Ah! Toda alma num cárcere anda presa,
Soluçando nas trevas entre as grades
Do calabouço olhando imensidades,
Mares, estrelas, tardes, natureza.

Tudo se veste de igual grandeza
Quando a alma entre grilhões as liberdades
Sonha e sonhando, as imortalidades
Rasga no etéreo espaço da pureza.

Ò almas presas, mudas e fechadas
Nas prisões colossais e abandonadas,
Da dor do calabouço, atroz, funéreo!

Nesses silêncios solitários, graves,
Que chaveiro do Céu possui as chaves
Para abrir-vos as portas do Ministério?

(CRUZ E SOUZA, 2011, p.35)

É preciso que a alma esteja aberta, que se desprenda e que lance sua volátil matéria, para que a obra surja. E quando a fantasia abandona o cárcere do espírito, a obra surreal germina sobre o papel em branco ou sobre a tela alva; ela aflora do metal ou da pedra bruta ainda disformes; e irrompe seus seres fantásticos, seus mundos e suas criaturas. Os universos imaginários invadem, permeiam o material artístico como frutos da inventividade do artífice, ávido por atravessar a fronteira do pensamento e navegar pelos encantos de realidades insólitas e utópicas. O fazer surreal permite que os devaneios se apoderem da criatividade e que se concretizem na forma de Obra de Arte. O artista é aquele que consegue lapidar esses sonhos, seja no formato do Desenho ou da Pintura; seja no entalhe da Escultura ou da Arquitetura. E as obras vão surgindo.
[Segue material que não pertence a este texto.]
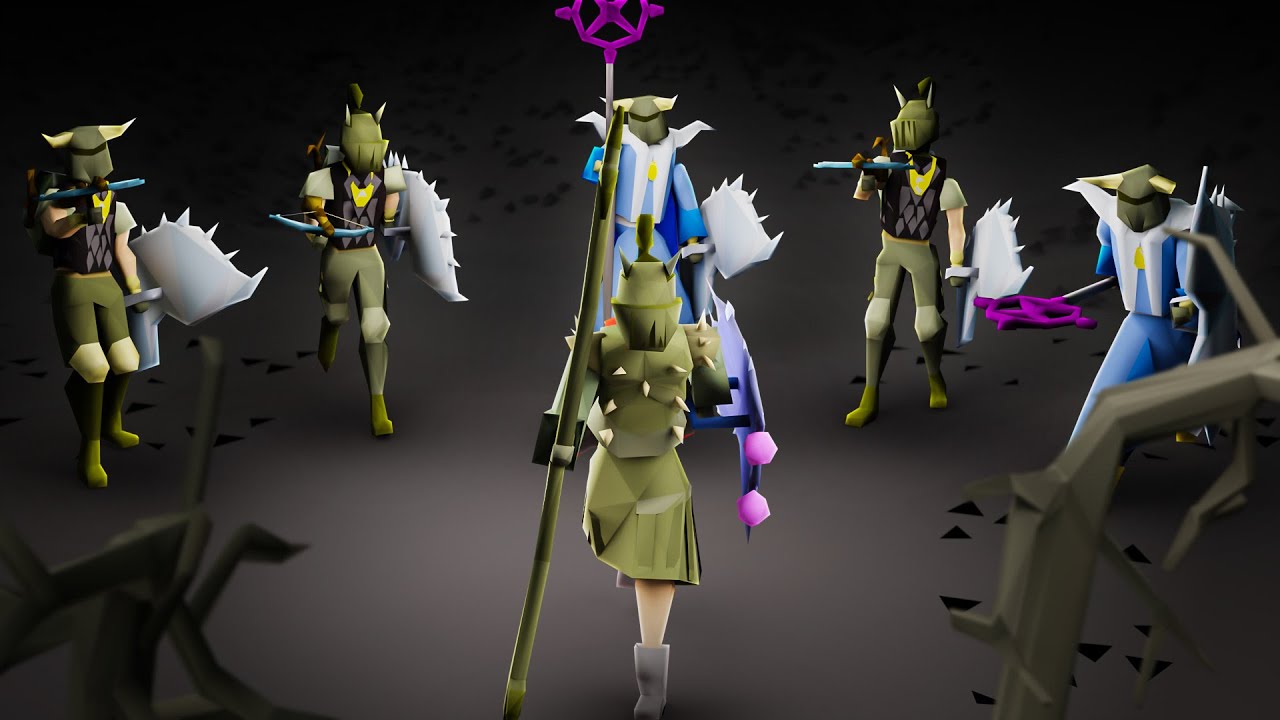 Odablock Warriors Go to War vs. The Solomission Snakes [DMM ALLSTARS 4]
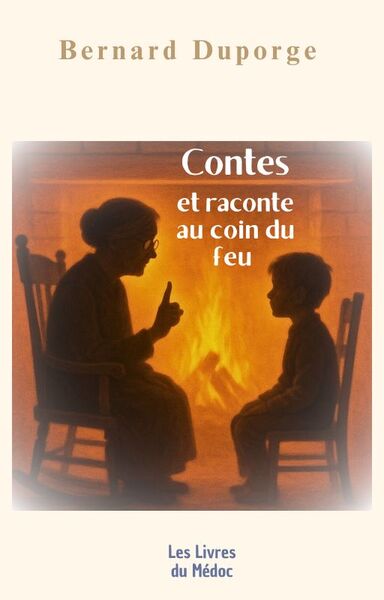 Picture of Contes et raconte au coin du feu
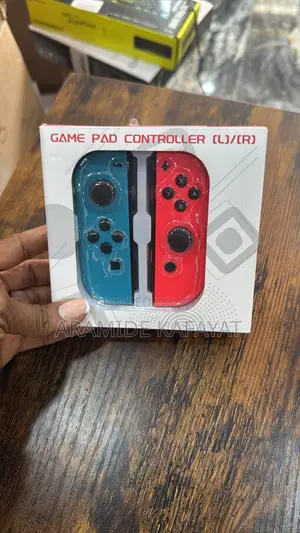 Nintendo Game Pad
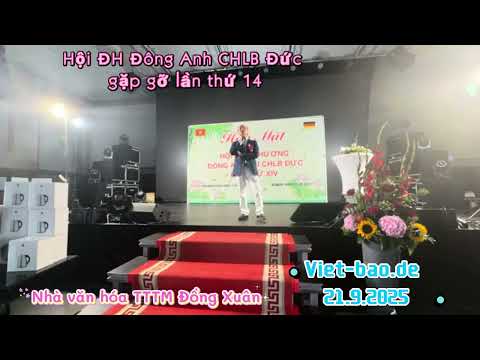 HỘI ĐH ĐÔNG ANH GẶP GỠ LẦN THỨ 14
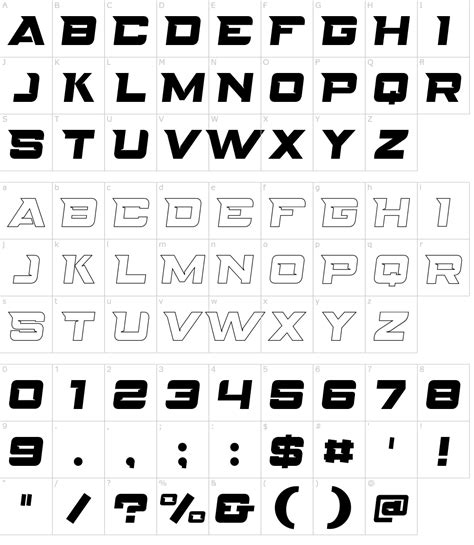 Quick Starter Font Download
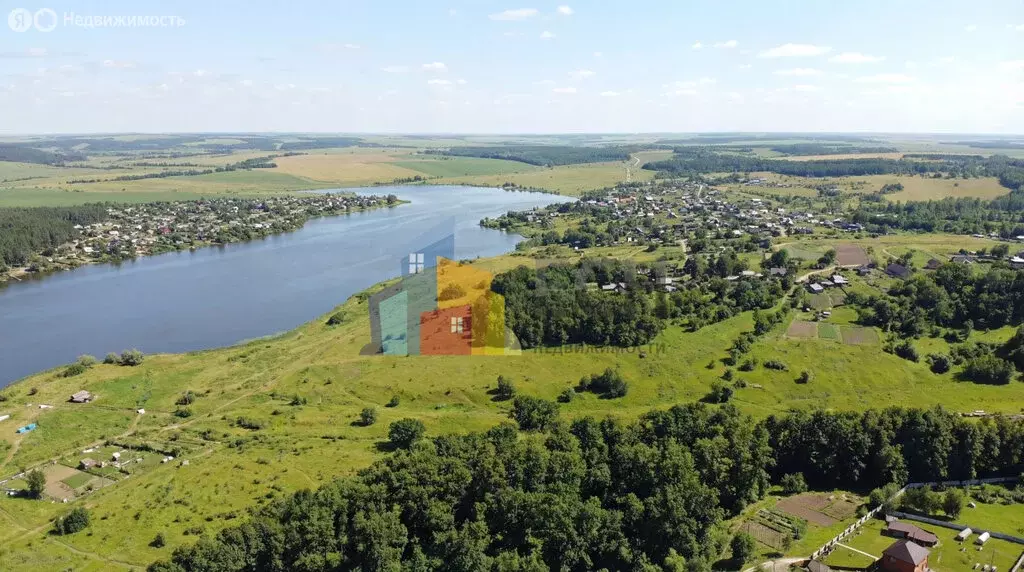 Участок в Щёкинский район, сельское поселение Огарёвское, село ... - Фото 2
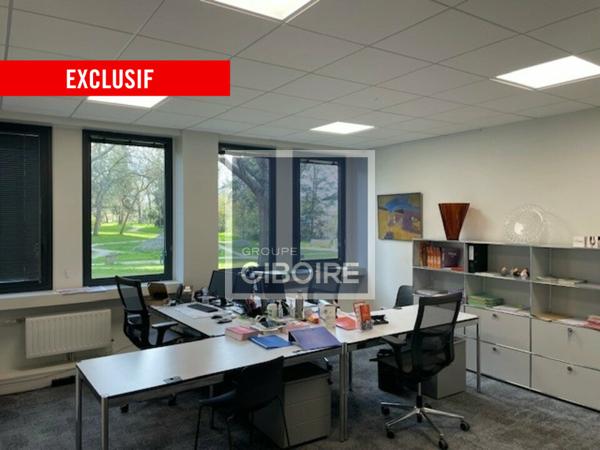 Bureaux - A LOUER - RENNES (réf : 35.7344)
Fig. 1 – The Art Book, Sônia Menna Barreto, 2003.
Fig. 1 – The Art Book, Sônia Menna Barreto, 2003.

Nesses cantos imaginários em que a obra surreal habita, podem também residir nossos sonhos, nossos medos ou nossos pensamentos mais remotos. E podem ser esses os caminhos onde encontramos as fobias que nos acometem e os abismos de nossas almas. Ao observador, vale a pena se abandonar por esses mundos fantásticos, com a alma nua, com o pensamento leve e deles fazer parte.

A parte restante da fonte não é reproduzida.